Chapitre 7.3
Il m'affrontait de biais et comme si cela lui déplaisait, il poussa ma chaise sans mouvement brusque tandis que j'observais ses moindres faits et gestes. Avec grâce, il posa ses mains de part et d'autre des accoudoirs et m'encercla de son mur de muscles. Je me collai au fond de mon siège, attentive à toutes tentatives, et ne cassai pas ce lien qui me donnait la chair de poule.
— Sais-tu ce que je leur fais ? me demanda-t-il avec douceur.
Son eau de Cologne me remplissait les canaux et me hérissait les poils de bras. Je détendis mes bras pour parer une éventuelle attaque et ancrai un pied bien au sol afin de me pousser rapidement au cas où l'envie lui prendrait de me toucher.
— Pour les moins méritants, ils terminent avec une simple balle entre les yeux de la part de mes gardes du corps. Pour les plus insistants, mais néanmoins décevant, je les laisse espérer quelque temps avant de me décider à donner l'ordre de les tuer. Et pour les plus surprenants et inventives, ils ont l'honneur de mourir entre mes mains.

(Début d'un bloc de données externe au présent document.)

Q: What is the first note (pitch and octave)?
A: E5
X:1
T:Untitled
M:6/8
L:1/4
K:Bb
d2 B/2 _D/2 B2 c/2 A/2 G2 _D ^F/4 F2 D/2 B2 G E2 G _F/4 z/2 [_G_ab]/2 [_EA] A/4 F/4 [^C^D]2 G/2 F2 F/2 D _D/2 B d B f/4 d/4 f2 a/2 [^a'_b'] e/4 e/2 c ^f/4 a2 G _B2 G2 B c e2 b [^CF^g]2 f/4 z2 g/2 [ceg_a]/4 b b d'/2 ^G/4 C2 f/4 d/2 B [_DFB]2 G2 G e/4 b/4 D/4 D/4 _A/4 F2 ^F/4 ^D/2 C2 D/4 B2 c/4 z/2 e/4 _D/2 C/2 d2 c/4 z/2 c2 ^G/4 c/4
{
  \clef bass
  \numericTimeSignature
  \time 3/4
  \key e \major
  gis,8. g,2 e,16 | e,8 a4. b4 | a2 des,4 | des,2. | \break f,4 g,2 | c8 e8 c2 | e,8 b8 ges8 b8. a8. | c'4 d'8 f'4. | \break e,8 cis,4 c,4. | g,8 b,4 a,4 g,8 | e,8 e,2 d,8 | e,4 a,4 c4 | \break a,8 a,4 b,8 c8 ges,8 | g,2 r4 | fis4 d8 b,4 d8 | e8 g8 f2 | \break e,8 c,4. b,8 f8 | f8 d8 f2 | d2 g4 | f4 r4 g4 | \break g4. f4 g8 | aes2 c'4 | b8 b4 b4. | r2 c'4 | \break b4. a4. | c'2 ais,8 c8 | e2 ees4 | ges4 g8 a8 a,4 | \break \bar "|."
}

Je le dévisageai. Je venais de voir une autre facette de sa personnalité. Et elle ne me plaisait pas. Elle me confirmait déjà ce que je savais depuis le début. Cette dernière mission était de l'ordre du surnaturel et pourtant, jamais je ne l'abandonnerais. L'échec n'était pas permis. Surtout si proche du but.
Je me raidis en sentant ses phalanges arpenter mon bras. Il se dirigeait vers mon cou d'une lenteur déroutante pendant que mon regard le menaçait de continuer. Je serrai mes poings et étais à deux doigts de me pousser en arrière lorsque son visage se rapprocha dangereusement et que son timbre rauque et sensuel vibra dans mon oreille.

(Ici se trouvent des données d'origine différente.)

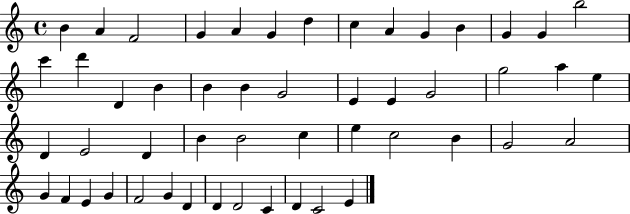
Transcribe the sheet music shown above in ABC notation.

X:1
T:Untitled
M:4/4
L:1/4
K:C
B A F2 G A G d c A G B G G b2 c' d' D B B B G2 E E G2 g2 a e D E2 D B B2 c e c2 B G2 A2 G F E G F2 G D D D2 C D C2 E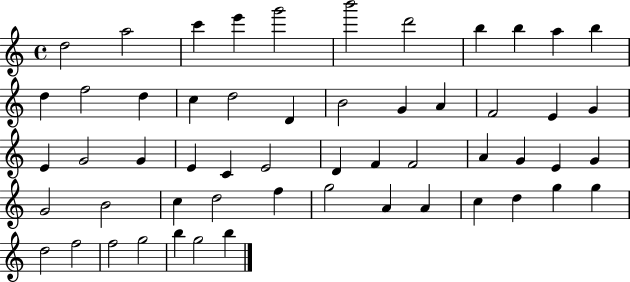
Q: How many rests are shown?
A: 0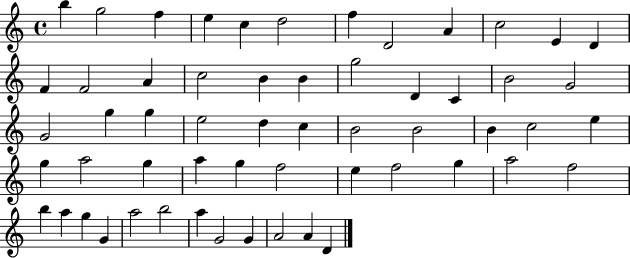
X:1
T:Untitled
M:4/4
L:1/4
K:C
b g2 f e c d2 f D2 A c2 E D F F2 A c2 B B g2 D C B2 G2 G2 g g e2 d c B2 B2 B c2 e g a2 g a g f2 e f2 g a2 f2 b a g G a2 b2 a G2 G A2 A D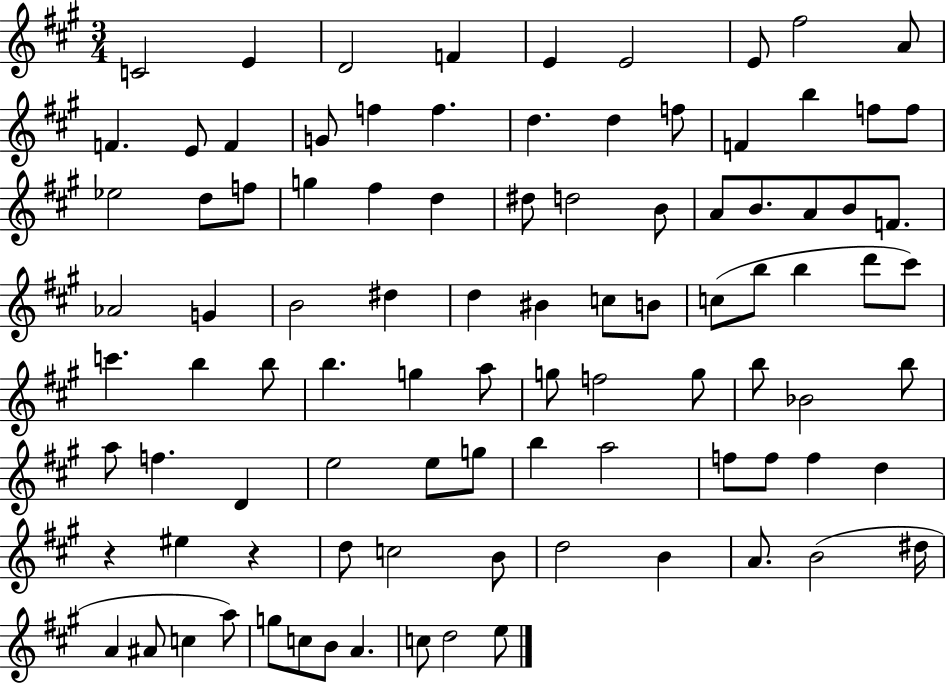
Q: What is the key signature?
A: A major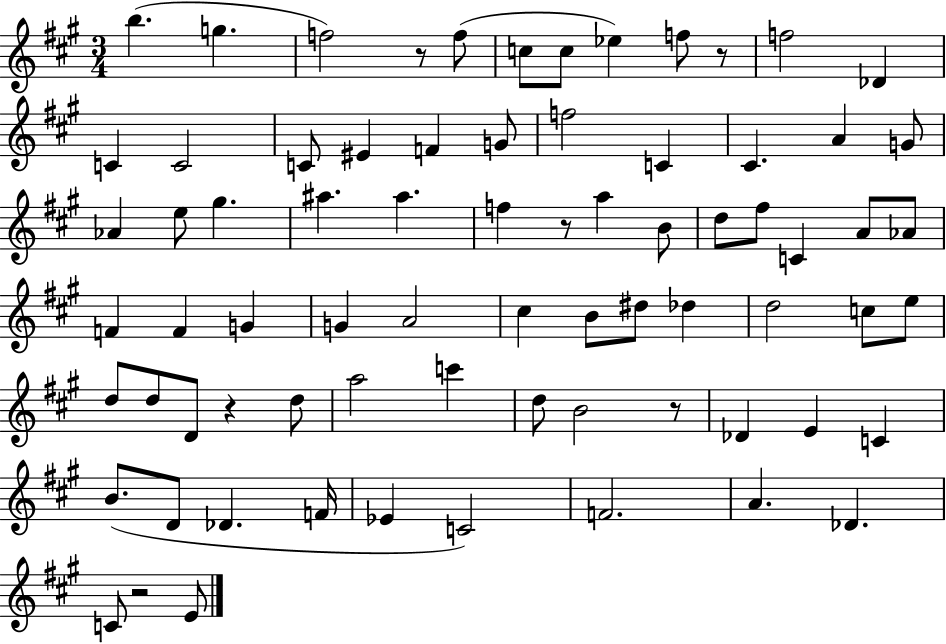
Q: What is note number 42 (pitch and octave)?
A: D#5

— Toi, je vais aller plus loin. Je vais te faire tourner la tête. Je vais jouer avec toi. Avec tes sentiments, tes émotions, jusqu'à ce qu'à ton tour, une balle t'attende.
J'écarquillai mes yeux et me poussai violemment en arrière. Je décampai de cette chaise, la poitrine gonflée, et tentai du mieux que je pouvais de me calmer.
— Avec juste une feuille blanche et quelques vidéos, vous en concluez que je veux vous tuer ? m'exclamai-je
Je tirai sur les racines de mes cheveux et pris une profonde respiration avant de dégager mon visage de ses mèches. Je me concentrai sur l'intonation de ma voix et observai cet homme entouré d'une aura écrasante.
— Ça ne vous a jamais effleuré l'esprit que tout cela était juste une façon comme une autre de susciter votre intérêt et de me faire remarquer parmi toutes les bimbos que vous vous envoyez ?
Il arqua un sourcil et jeta la feuille pliée sur son bureau. Il craqua son pouce avant de cacher ses doigts dans la poche de son pantalon. Je continuai.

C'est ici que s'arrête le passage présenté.